• Task requirements:
Look through the data below for the line with "Proses Evakuasi Korban" and the line with "sunset road car, ilustrasi", then output those two and all lines in between, exactly as written.

━━━━━━━━━━━━━━━━

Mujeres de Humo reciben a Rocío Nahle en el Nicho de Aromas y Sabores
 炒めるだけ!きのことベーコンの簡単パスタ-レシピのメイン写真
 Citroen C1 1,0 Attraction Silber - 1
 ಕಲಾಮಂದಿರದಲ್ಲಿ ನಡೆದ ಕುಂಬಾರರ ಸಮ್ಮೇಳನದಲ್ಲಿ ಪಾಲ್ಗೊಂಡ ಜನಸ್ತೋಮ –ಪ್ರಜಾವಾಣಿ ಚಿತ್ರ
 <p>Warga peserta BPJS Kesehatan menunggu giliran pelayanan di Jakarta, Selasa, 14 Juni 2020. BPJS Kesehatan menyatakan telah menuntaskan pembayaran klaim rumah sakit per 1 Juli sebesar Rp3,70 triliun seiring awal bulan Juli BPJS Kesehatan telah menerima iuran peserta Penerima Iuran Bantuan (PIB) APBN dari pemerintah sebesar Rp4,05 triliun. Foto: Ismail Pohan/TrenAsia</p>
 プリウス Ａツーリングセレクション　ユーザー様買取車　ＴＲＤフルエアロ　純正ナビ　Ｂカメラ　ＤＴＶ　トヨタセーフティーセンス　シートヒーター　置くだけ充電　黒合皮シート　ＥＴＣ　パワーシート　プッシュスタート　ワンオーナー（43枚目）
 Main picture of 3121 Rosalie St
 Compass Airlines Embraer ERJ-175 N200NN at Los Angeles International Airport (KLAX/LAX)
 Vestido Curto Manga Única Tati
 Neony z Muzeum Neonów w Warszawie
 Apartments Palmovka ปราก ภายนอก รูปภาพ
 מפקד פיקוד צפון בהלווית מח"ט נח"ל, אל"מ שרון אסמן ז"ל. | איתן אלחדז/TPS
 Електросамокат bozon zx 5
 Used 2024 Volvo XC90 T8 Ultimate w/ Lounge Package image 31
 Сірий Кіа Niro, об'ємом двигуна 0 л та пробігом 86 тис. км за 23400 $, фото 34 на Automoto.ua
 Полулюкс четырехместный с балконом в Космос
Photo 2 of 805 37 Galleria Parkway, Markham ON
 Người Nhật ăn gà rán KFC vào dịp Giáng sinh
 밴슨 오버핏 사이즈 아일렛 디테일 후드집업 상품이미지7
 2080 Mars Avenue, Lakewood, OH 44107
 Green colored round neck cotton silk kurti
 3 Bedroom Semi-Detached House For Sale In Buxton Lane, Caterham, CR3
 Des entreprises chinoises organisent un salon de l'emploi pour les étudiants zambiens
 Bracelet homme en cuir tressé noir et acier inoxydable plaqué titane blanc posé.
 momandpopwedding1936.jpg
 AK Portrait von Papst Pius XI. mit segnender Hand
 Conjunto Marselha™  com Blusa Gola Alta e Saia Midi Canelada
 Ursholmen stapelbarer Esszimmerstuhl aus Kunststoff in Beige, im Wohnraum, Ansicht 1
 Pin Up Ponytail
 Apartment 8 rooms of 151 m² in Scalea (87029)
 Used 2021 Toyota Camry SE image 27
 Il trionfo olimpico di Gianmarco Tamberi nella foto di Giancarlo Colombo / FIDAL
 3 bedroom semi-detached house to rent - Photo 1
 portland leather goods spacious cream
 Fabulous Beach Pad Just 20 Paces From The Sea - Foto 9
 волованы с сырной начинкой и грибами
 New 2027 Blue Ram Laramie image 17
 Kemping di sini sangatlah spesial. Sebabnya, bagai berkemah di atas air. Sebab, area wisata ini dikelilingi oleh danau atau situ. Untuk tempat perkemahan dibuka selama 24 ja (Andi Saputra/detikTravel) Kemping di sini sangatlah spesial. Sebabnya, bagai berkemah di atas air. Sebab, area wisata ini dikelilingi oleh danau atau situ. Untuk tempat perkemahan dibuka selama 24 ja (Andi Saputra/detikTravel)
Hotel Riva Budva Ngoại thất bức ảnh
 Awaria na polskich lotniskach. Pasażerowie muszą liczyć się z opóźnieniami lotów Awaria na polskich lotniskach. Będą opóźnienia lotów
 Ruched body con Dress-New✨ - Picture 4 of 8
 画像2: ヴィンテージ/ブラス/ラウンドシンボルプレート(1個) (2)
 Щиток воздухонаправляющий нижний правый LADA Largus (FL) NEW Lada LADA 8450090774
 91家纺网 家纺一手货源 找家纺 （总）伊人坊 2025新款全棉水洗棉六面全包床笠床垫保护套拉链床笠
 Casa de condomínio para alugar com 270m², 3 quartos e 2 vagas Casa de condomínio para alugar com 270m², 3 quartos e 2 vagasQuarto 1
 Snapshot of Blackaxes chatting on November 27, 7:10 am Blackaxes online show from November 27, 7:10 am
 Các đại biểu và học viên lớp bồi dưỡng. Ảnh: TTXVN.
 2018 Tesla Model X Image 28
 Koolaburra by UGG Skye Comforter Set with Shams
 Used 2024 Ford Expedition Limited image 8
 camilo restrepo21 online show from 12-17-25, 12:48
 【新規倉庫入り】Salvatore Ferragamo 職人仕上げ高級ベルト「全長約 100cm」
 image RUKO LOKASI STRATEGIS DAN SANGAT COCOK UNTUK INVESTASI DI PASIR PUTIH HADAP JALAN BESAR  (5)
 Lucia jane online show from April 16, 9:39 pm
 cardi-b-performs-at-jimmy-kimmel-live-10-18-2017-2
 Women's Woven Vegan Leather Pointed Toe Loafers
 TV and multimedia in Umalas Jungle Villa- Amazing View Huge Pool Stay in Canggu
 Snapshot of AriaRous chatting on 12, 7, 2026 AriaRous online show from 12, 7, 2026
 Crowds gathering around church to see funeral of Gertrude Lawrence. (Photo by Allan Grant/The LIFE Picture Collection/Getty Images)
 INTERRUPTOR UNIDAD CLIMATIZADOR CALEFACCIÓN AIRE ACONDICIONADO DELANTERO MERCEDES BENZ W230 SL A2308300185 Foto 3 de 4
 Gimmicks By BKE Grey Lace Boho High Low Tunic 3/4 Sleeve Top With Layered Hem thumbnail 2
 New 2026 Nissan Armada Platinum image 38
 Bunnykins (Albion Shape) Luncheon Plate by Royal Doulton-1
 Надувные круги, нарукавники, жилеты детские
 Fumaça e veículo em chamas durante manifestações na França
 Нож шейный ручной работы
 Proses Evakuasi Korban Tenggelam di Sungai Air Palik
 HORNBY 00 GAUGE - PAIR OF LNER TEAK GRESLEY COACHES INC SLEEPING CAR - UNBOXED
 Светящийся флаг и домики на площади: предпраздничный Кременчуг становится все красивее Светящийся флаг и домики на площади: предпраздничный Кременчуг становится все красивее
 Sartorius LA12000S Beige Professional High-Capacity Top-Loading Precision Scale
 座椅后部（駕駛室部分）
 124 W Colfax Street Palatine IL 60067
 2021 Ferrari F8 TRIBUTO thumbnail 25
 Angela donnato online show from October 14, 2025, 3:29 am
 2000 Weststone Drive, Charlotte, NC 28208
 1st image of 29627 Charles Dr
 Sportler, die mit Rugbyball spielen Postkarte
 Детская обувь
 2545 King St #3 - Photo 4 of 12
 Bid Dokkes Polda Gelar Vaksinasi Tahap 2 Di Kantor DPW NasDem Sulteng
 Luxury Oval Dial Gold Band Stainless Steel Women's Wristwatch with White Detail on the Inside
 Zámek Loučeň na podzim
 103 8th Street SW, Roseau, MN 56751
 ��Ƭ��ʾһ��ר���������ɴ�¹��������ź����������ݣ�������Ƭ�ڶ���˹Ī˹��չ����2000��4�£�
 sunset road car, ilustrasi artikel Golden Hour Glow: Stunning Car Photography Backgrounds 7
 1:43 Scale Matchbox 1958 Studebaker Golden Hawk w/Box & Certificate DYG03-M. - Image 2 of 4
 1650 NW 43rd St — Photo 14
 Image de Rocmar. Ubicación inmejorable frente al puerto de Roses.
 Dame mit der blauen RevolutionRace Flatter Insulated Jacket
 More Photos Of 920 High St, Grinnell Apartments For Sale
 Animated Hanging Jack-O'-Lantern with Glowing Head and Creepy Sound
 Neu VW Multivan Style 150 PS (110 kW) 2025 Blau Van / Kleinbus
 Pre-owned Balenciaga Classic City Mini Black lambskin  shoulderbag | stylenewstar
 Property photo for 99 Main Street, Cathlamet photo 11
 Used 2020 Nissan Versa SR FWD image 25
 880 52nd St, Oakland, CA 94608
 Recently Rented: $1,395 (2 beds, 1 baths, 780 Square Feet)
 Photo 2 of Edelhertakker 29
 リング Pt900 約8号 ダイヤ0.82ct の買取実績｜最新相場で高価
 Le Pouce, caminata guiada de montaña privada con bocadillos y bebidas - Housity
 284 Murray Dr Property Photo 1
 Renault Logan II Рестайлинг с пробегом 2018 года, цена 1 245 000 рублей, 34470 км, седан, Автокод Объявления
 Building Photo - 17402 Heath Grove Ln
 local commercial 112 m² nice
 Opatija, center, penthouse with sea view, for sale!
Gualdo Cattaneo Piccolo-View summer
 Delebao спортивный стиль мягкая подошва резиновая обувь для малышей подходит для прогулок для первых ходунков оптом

━━━━━━━━━━━━━━━━

• Answer box:
 Proses Evakuasi Korban Tenggelam di Sungai Air Palik
 HORNBY 00 GAUGE - PAIR OF LNER TEAK GRESLEY COACHES INC SLEEPING CAR - UNBOXED
 Светящийся флаг и домики на площади: предпраздничный Кременчуг становится все красивее Светящийся флаг и домики на площади: предпраздничный Кременчуг становится все красивее
 Sartorius LA12000S Beige Professional High-Capacity Top-Loading Precision Scale
 座椅后部（駕駛室部分）
 124 W Colfax Street Palatine IL 60067
 2021 Ferrari F8 TRIBUTO thumbnail 25
 Angela donnato online show from October 14, 2025, 3:29 am
 2000 Weststone Drive, Charlotte, NC 28208
 1st image of 29627 Charles Dr
 Sportler, die mit Rugbyball spielen Postkarte
 Детская обувь
 2545 King St #3 - Photo 4 of 12
 Bid Dokkes Polda Gelar Vaksinasi Tahap 2 Di Kantor DPW NasDem Sulteng
 Luxury Oval Dial Gold Band Stainless Steel Women's Wristwatch with White Detail on the Inside
 Zámek Loučeň na podzim
 103 8th Street SW, Roseau, MN 56751
 ��Ƭ��ʾһ��ר���������ɴ�¹��������ź����������ݣ�������Ƭ�ڶ���˹Ī˹��չ����2000��4�£�
 sunset road car, ilustrasi artikel Golden Hour Glow: Stunning Car Photography Backgrounds 7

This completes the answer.